Segment Start: Available data

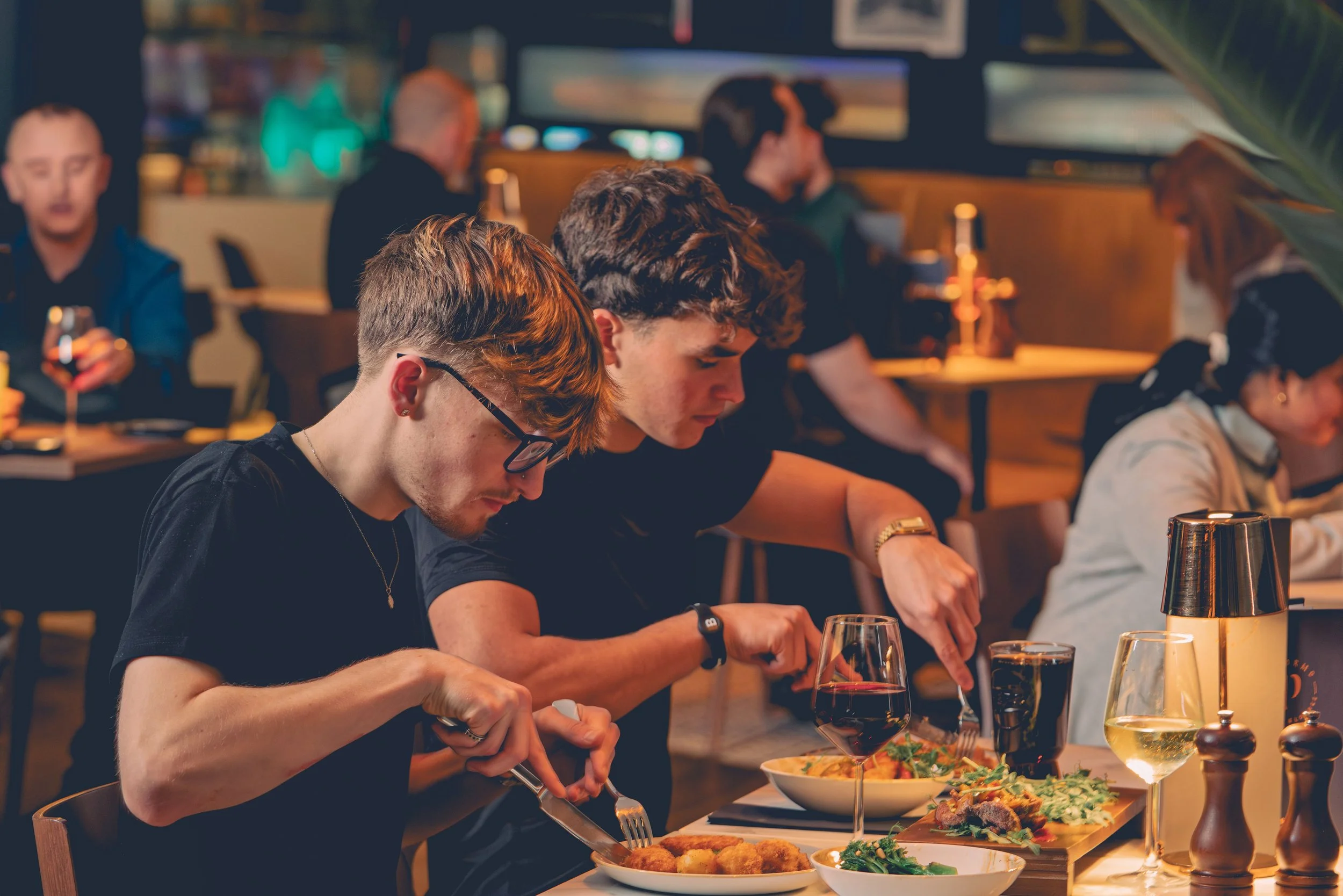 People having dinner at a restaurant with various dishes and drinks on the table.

Segment End: Available data
Segment Start: Available data

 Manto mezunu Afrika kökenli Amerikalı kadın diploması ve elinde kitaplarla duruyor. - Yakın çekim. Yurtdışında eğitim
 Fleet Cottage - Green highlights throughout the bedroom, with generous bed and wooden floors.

Segment End: Available data

→ **Exercise directions**
Please copy, exactly as written, every line in the listing above from the line with "Manto mezunu Afrika" up to and including the line with "Fleet Cottage - Green".

→ **Result**
 Manto mezunu Afrika kökenli Amerikalı kadın diploması ve elinde kitaplarla duruyor. - Yakın çekim. Yurtdışında eğitim
 Fleet Cottage - Green highlights throughout the bedroom, with generous bed and wooden floors.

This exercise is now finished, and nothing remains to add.